Berdasarkan prinsip ini penentuan situasi yang mengandung penerapan topik matematika didasarkan pada dua pertimbangan, yaitu; (i) untuk mengungkapkan jenis aplikasi yang harus diantisipasi dalam pembelajaran, dan (ii) mempertimbangkan pantas tidaknya konteks itu sebagai hal yang berpengaruh dalam proses matematisasi progresif. Secara historis, matematika dikembangkan dari penyelesaian masalah praktis sehingga dimungkinkan ditemukan masalah yang melahirkan proses perkembangan dalam aplikasi terkini. Selanjutnya dapat dibayangkan bahwa matematika  formal terbentuk melalui proses generalisasi dan formalisasi prosedur-prosedur penyelesaian masalah situasi khusus dan konsep tentang berbagai situasi. Karena itu, tujuan investigasi fenomena ini adalah menemukan situasi-situasi masalah dengan prosedur penyelesaian dapat digeneralisasi dan untuk menemukan prosedur penyelesaian yang dapat dijadikan dasar untuk matematisasi vertikal. (Gravemeijer, 1994:90)

c.  Mengembangkan  sendiri model-model (self developed model)
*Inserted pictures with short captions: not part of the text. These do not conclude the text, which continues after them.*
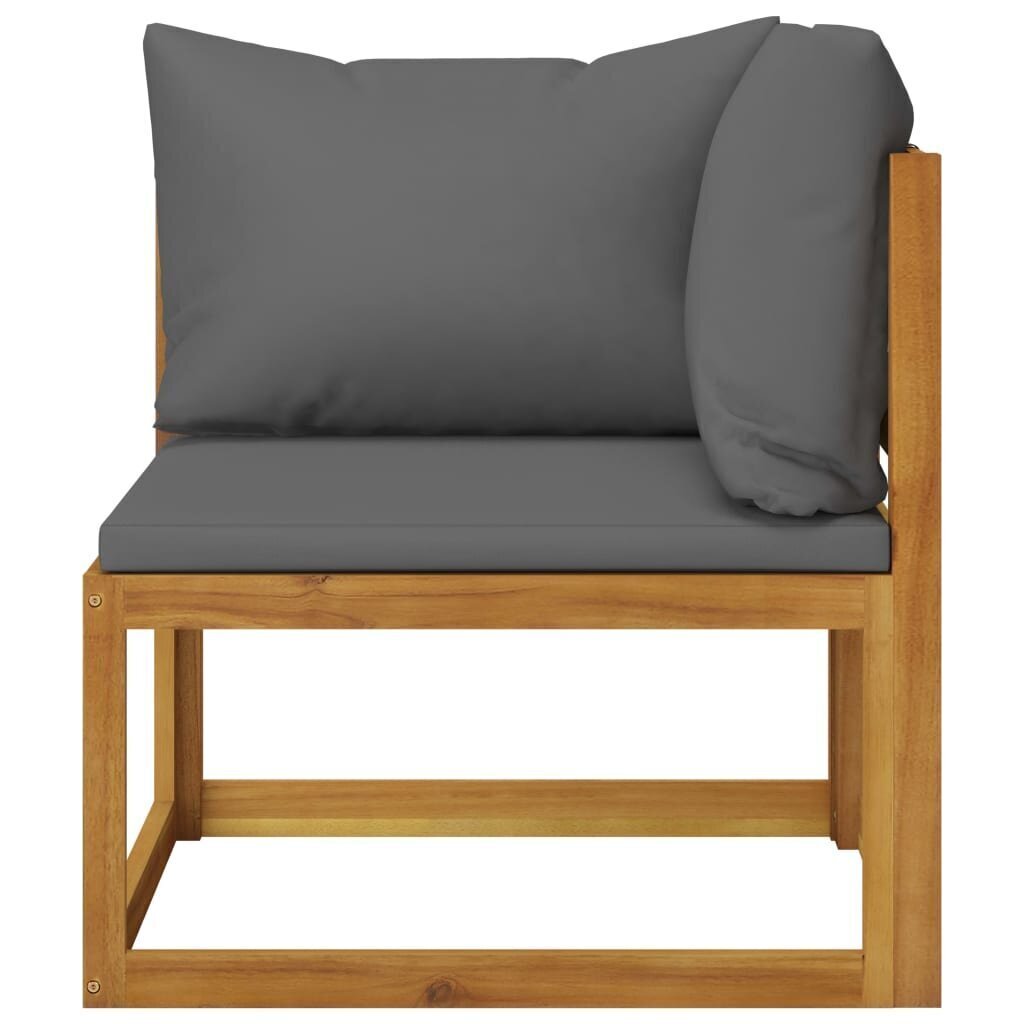 vidaXL trīsvietīgs dārza dīvāns ar spilveniem, akācijas masīvkoks cena un informācija | Dārza krēsli | 220.lv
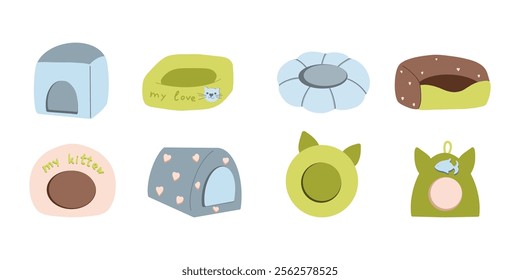 Pet beds Set, different shaped pet beds clipart vector illustration, blue and green colors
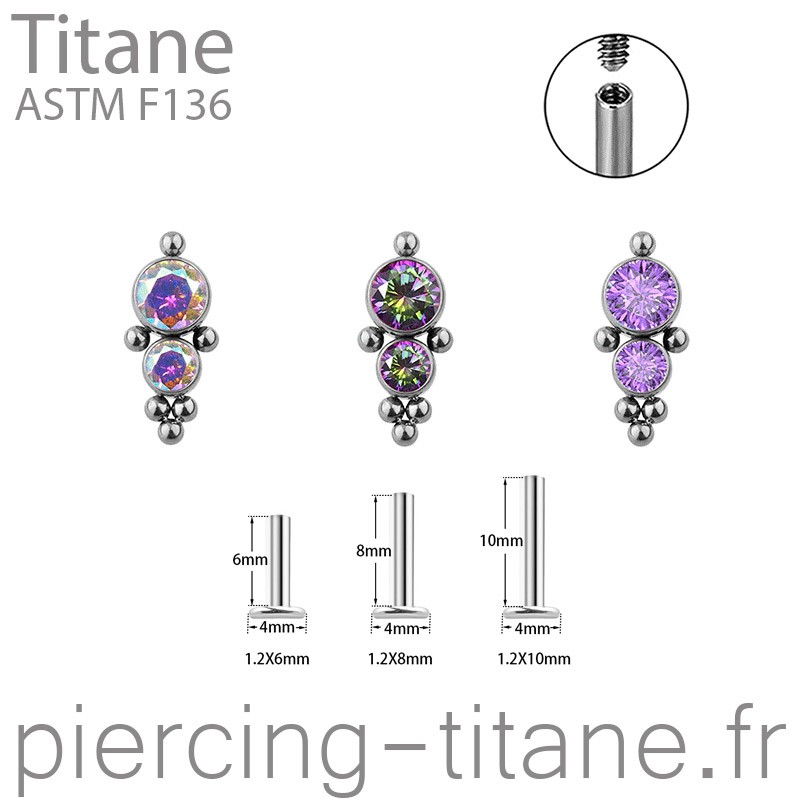 Labret titane interne 2 cristaux ornés de microbilles 3 couleurs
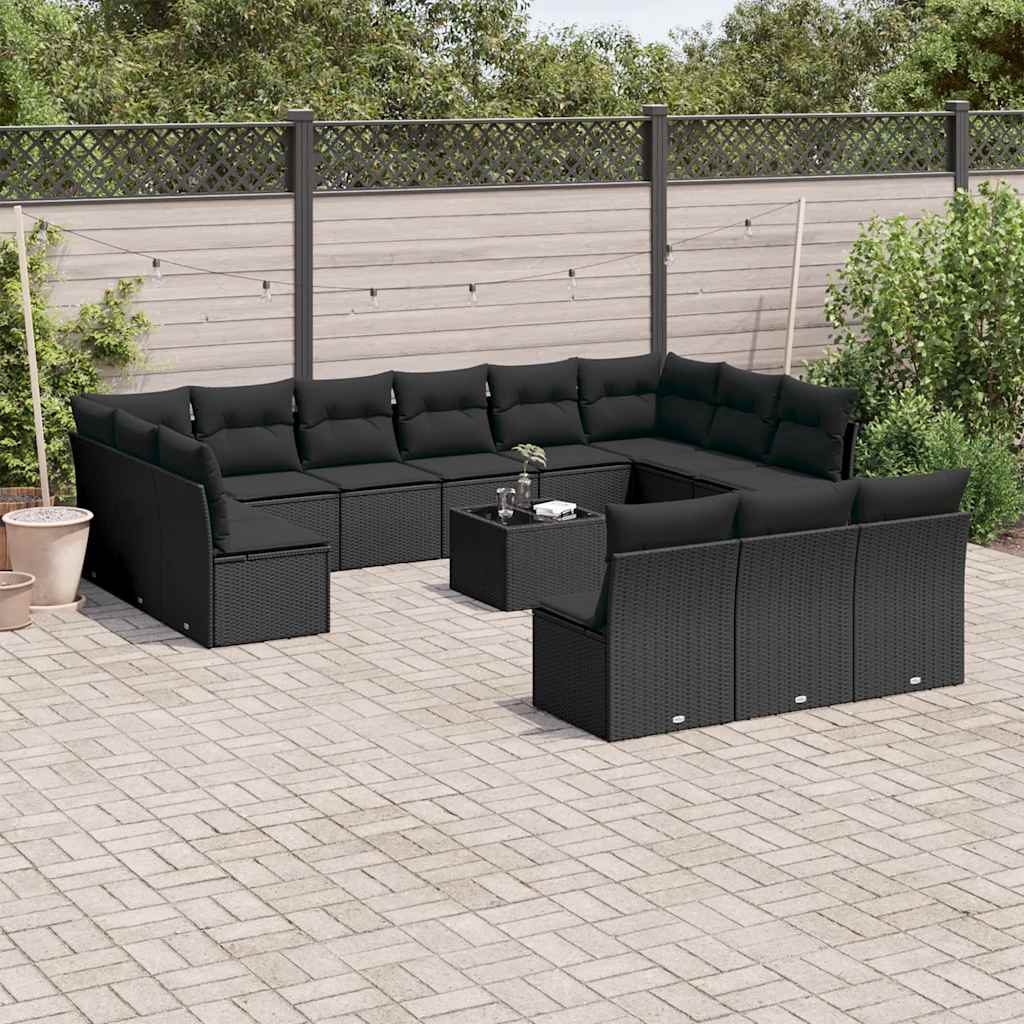 Set sofás de jardín 14 pzas con cojines ratán sintético beige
     Pada prinsip ini dinyatakan bahwa model yang dikembangkan sendiri oleh siswa berperan menjembatani perbedaan antara pengetahuan informal dan matematika formal. Pada mulanya, model ini merupakan model yang sudah dikenal siswa. Melalui proses generalisasi dan formalisasi, model itu menjadi sesuatu yang berdiri sendiri, tidak tergantung pada situasi asalnya. Hal ini sangat mungkin digunakan sebagai model untuk penalaran matematika (Gravemeijer, 1994:91). Lebih lanjut Gravemeijer (1994:102) menyebutkan bahwa siswa belajar dari tahap situasi nyata, tahap pemodelan (referensi), generalisasi dan tahap formal matematika. Soedjadi (2001:4) menggambarkan bahwa urutan pembelajaran tersebut adalah: masalah kontekstual ® model dari masalah kontekstual ® model ke arah formal ® pengetahuan formal.